Ce que l’on appelle couramment « attention » correspond à la « focalisation extérieure ». La pensée doit se concentrer sur un objet précis : une leçon à apprendre, un tableau à observer, etc. Cela peut se faire en se focalisant sur un détail (l’arbre), sur un ensemble (la forêt), ou sur les relations entre les différents détails. Le chat qui a vu remuer les herbes devant lui fige tout à coup son attention sur ce qui pourrait bien être une proie : une musaraigne ou un mulot tapi dans l’herbe. Quelques secondes auparavant, le même chat parcourait son territoire de chasse, l’œil et l’oreille en éveil mais sans se focaliser. L’attention focalisée et l’attention flottante sont deux formes d’attention. Pour éviter de se disperser, il faut apprendre à passer d’un regard à l’autre.
La focalisation intérieure correspond à la conscience de soi. C’est ce qui nous met en phase avec nos intuitions, et nous aide à prendre des décisions.
La focalisation sur autrui, troisième type d’attention, relève de l’empathie. Elle fait partie de l’équipement mental nécessaire pour bien gérer nos relations.
Comment muscler ces différentes formes d’attention ? Après avoir pris conscience de leur variété et de leurs usages spécifiques, D. Goleman présente quelques leçons assez simples. La première consiste à se débrancher provisoirement de tout notre environnement numérique. C’est le cas de cette femme qui a décidé de mettre son téléphone portable dans le tiroir en rentrant chez elle pour éviter de le consulter à tout bout de champ.
L’auteur reprend aussi les exercices courants issus des techniques de méditation : observer ses pensées et émotions pour apprendre à les dompter. Se concentrer sur un objet, une sensation (sa respiration, le goût d’un grain de raisin sec) et lorsque l’esprit décroche, revenir à son point de départ. Ce type d’exercice est comparable à un entraînement sportif. Au début, on a du mal à maintenir l’effort mais avec le temps, la capacité s’améliore.

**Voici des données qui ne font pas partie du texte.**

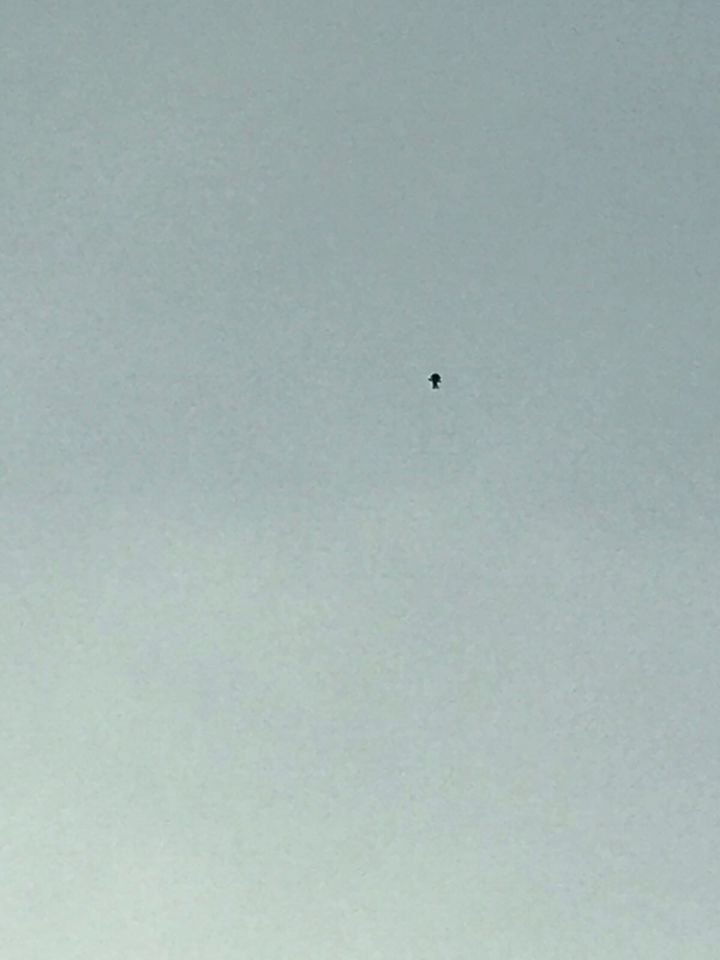 Zwarte druppel vormige UFO foto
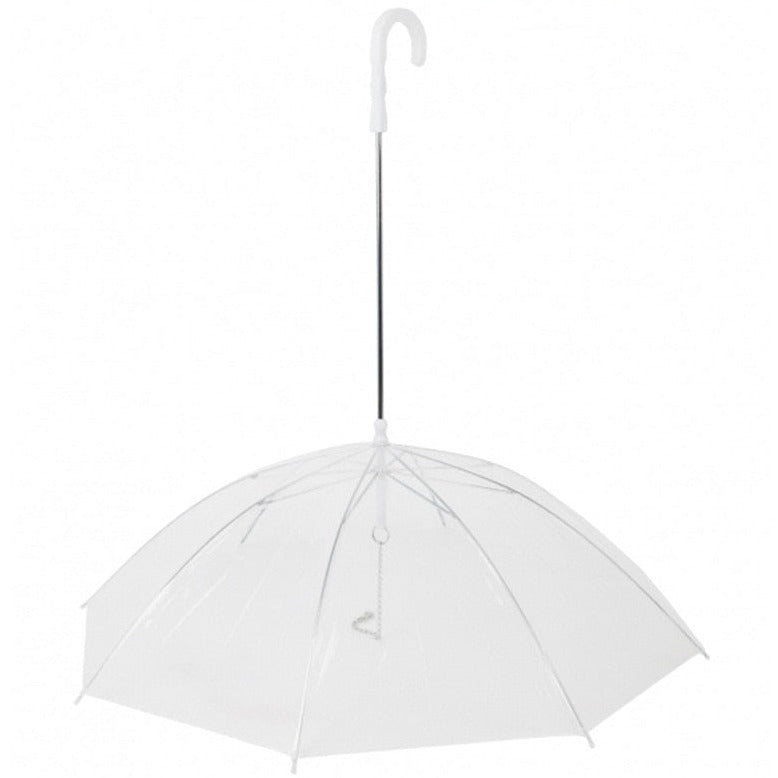 Guia com Guarda-chuva Tour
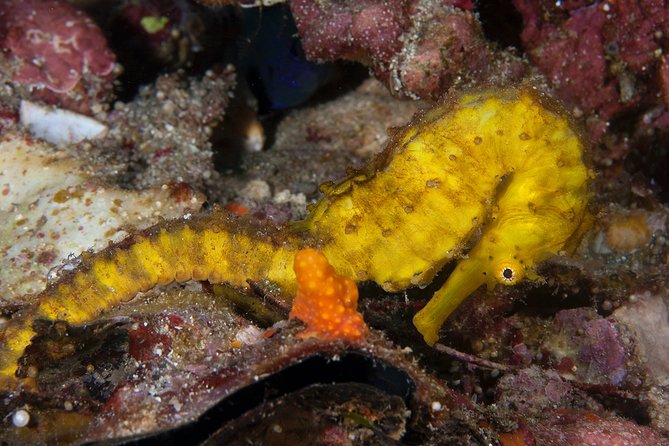 Discover Scuba Diving in Koh Lanta, Thailand - Learning scuba basics without guesswork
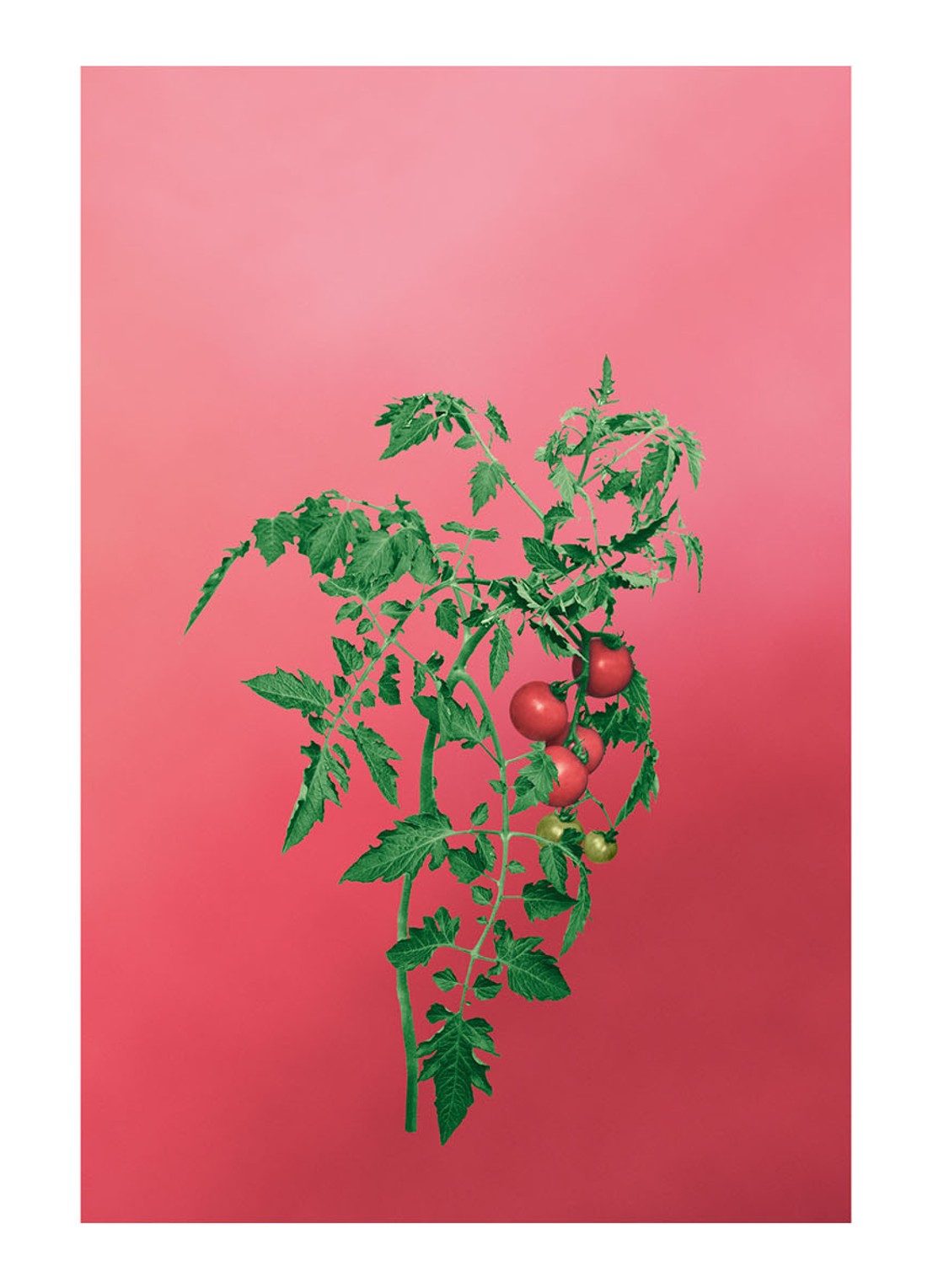 LOEWE Large Tomato Leaves Candle - geurkaars 2120 gram - detail 4 undefined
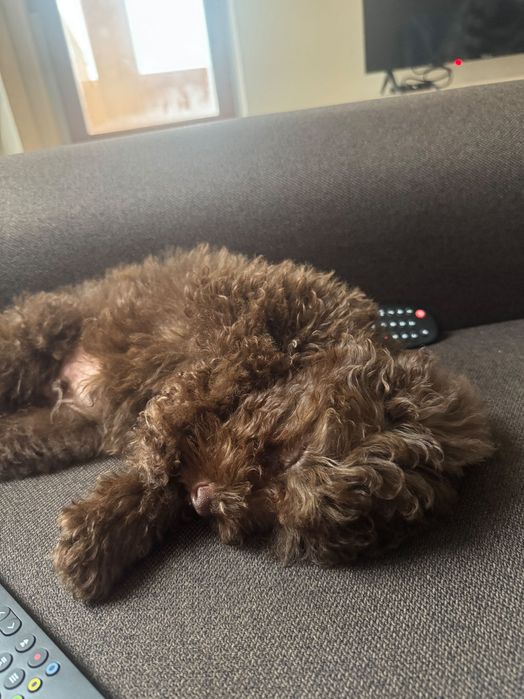 Той пудел на 2 месеца и половина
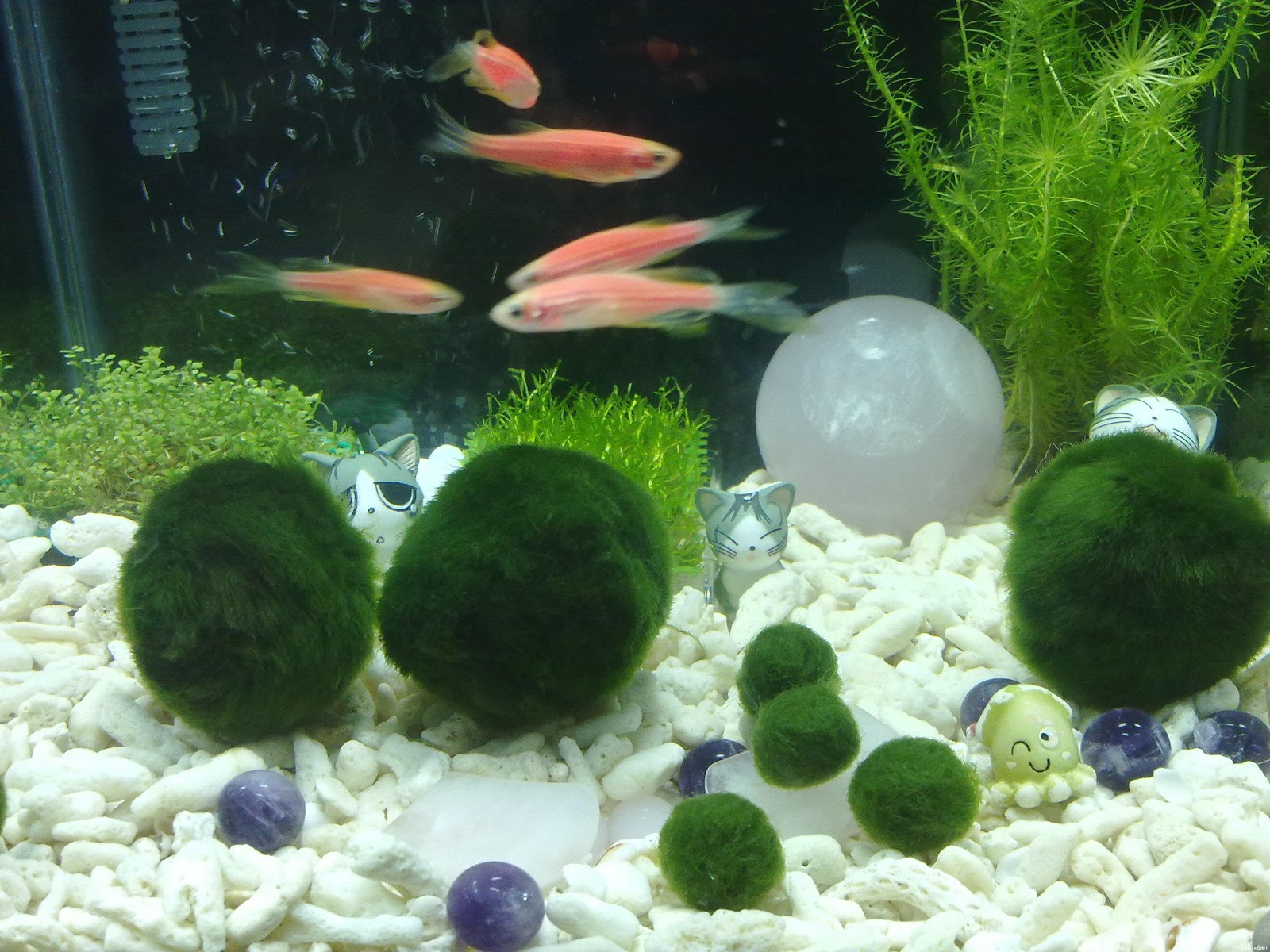 shereenwong88: Marimo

En s’entraînant ainsi à se concentrer tour à tour sur un objet, sur autrui, sur ses processus mentaux, en alternant l’attention aux détails et aux vues d’ensemble, on parvient ainsi à atteindre une attention globale, clé de la « réussite ».
Focus est un livre à la fois éclairant et irritant. Éclairant quand il présente les recherches en cours en psychologie sur l’attention et le contrôle de soi. Irritant quand D. Goleman quitte le terrain de la psychologie pour se muer en gourou d’une « attention élargie », celle du leader bienveillant, tel le dalaï-lama ou le P.-D.G. d’Unilever (qu’il a côtoyé au forum de Davos) et qui serait la voie miraculeuse donnant les « clés de la réussite ».